Private prayers: US pastor describes Supreme Court influence effort
The United States Supreme Court building. (

A former activist from the US religious right told Congress Thursday how he took advantage of the US Supreme Court's lack of a code of ethics to conduct an intense lobbying campaign aimed at its conservative judges.

Pastor Robert Schenck, 64, detailed his efforts -- which included prayers, dinners and trips -- during a hearing of the House Judiciary Committee focused on the ethics rules, or lack thereof, for Supreme Court justices.

Unlike their colleagues in federal courts, or elected members of Congress, the nine Supreme Court justices do not have to disclose gifts given to them nor any meetings with lobbyists, and are not legally required to recuse themselves in the event of a conflict of interest.

Pastor Schenck said he took advantage of this vacuum to run a 20-year influence campaign called "Operation Higher Court."
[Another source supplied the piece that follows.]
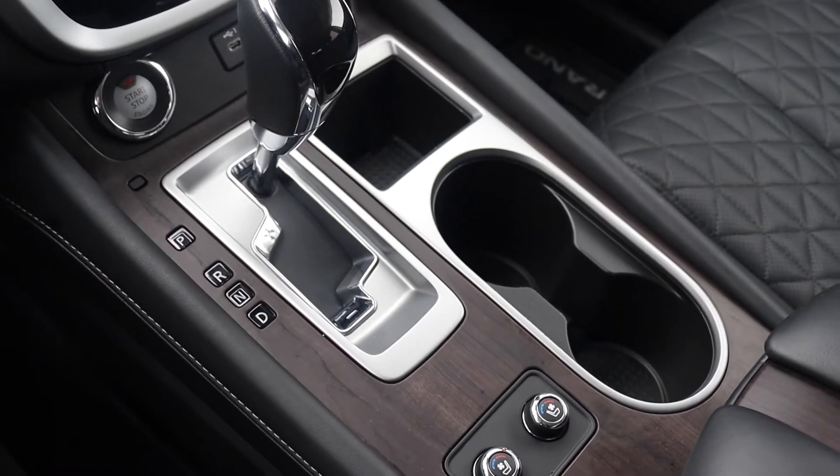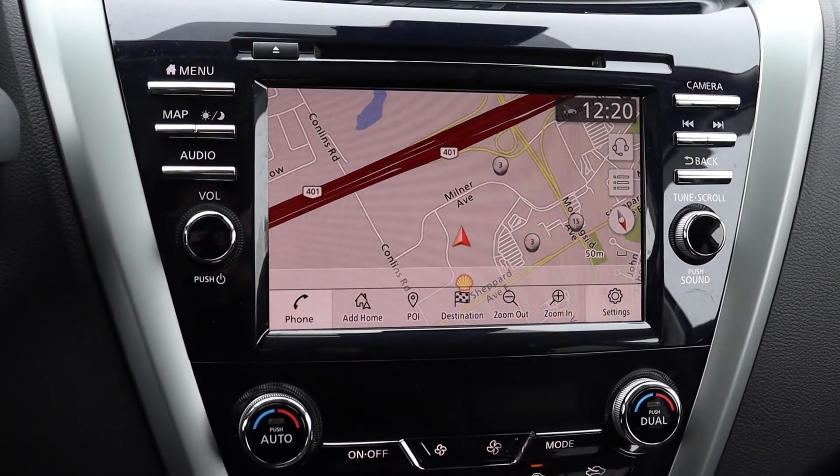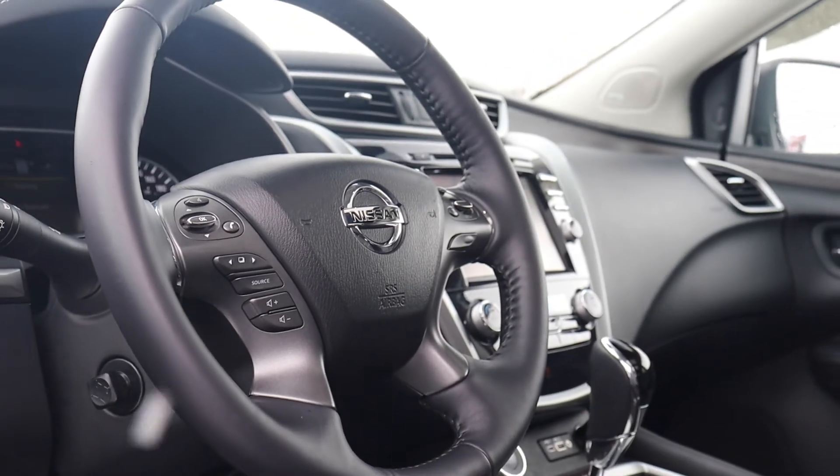There's a push button start engine, heated and vented seats, a built-in navigation system and dual climate controls, along with many more fantastic features, so book your appointment today here at Morningside Nissan.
The stealth campaign "involved my recruitment of wealthy donors, as stealth missionaries, who befriended justices that shared our conservative social and religious sensibilities," Schenk said, mentioning conservative Justices Samuel Alito and the late Antonin Scalia by name.

The aim was "to shore up their resolve to render solid, unapologetic opinions, particularly against abortion."

Some of his "stealth missionaries" prayed with the judges, others invited them to dinner with their wives, even to their homes, and were invited back in turn by the justices, he said.

Unlike Congress, where the dollar value of gifts are limited, "we knew that there was a great deal of liberty and latitude made our operation...much easier," Schenck said.

He alleged that in 2014, during one of these dinners, Alito "leaked" to a couple the content of an upcoming decision on contraception.

Schenck had written over the summer to the court's chief justice about the Alito incident, but the letter was not reported by US media until late November.

Alito and the dinner attendees have all denied the charge. During the hearing, Republican lawmakers accused Schenck of lying.

He insisted that he discovered late in life that politics corrupts religion, and now wanted to tell "the truth."

Alito was the author of the June ruling that overturned the US nationwide right to abortion.

In a highly uncommon occurrence, that decision was leaked before its publication, causing shockwaves across the country.

A bill has passed a House committee that would increase the transparency requirements for US Supreme Court justices, but it is not expected to advance before Republicans take over control of the House in January, when it will likely be thrown out.